Zu den Herausforderungen des Wohnquartiers „Am Weidengraben“ zählt Zawar-Schlegel die hohe Bevölkerungsdichte auf einem kleinen Areal. Entstanden ist das Quartier in den 60er Jahren mit dem Bau der vier- bis neungeschossigen Häuser, die im Zentrum liegen. Am Weidengraben wohnen circa 2700 Menschen, rund ein Drittel der Haushalte lebt in öffentlich gefördertem sozialen Wohnungsbau. Es gebe eine gute Durchmischung an Menschen, die nicht in prekären Lebensverhältnissen lebten, erläutert der Pädagoge und Betriebswirt. Zawar-Schlegel arbeitet seit 17 Jahren im taw und stellt fest: „Unsere Arbeit trägt Früchte.“ Das Haus sei sehr gut im Stadtteil vernetzt und habe mittlerweile eine andere Akzeptanz als früher. Dies spüre er beispielsweise an dem deutlicheren Zuspruch der Senioren und daran, dass auch Leute von außerhalb kommen würden. „Wenn es uns nicht gäbe, wäre der Stadtteil deutlich ärmer“, sagt er selbstbewusst.

Für die Zukunft wünschen sich Anhäuser und Zawar-Schlegel vor allem, die neu angekommenen Menschen im Burgunderviertel in den Stadtteil einzubinden. Die bisherigen Treffen hätten sie positiv gestimmt, erzählt Zawar-Schlegel. „Die Flüchtlinge wollen sich integrieren, sie sind wissbegierig“, berichtet er.

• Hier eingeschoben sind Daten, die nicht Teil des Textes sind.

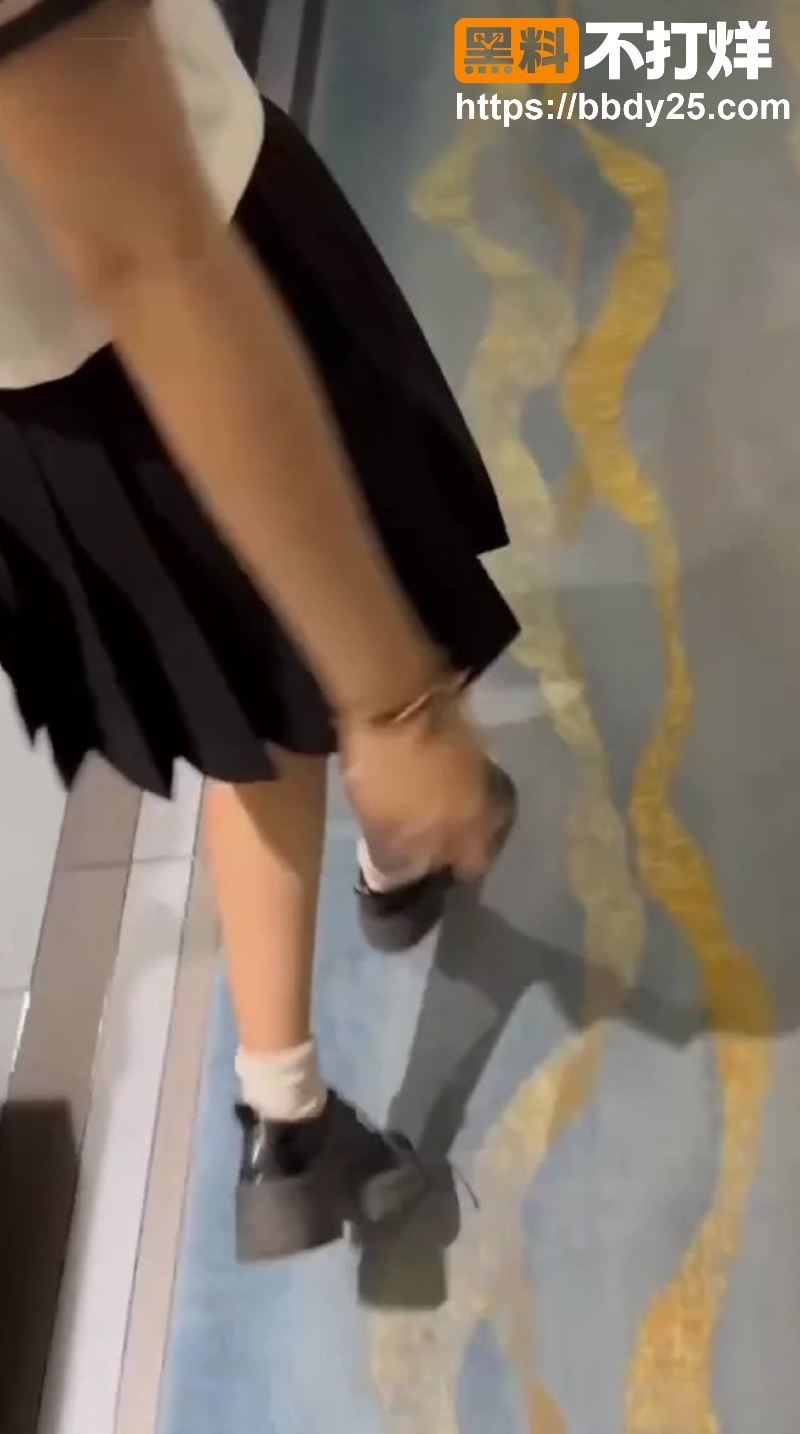 素人嫩妹被操到见红 4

Ebenso solle Integration aber auch in die andere Richtung gedacht werden. Deswegen wünscht er sich einen Arabisch-Sprachkurs. Im Frühling soll es ein gemeinsames Fest in der Louis- Pasteur-Straße im Burgunderviertel geben. „Die Begegnung muss ermöglicht werden, das ist unser Auftrag“, sagt der Pädagoge.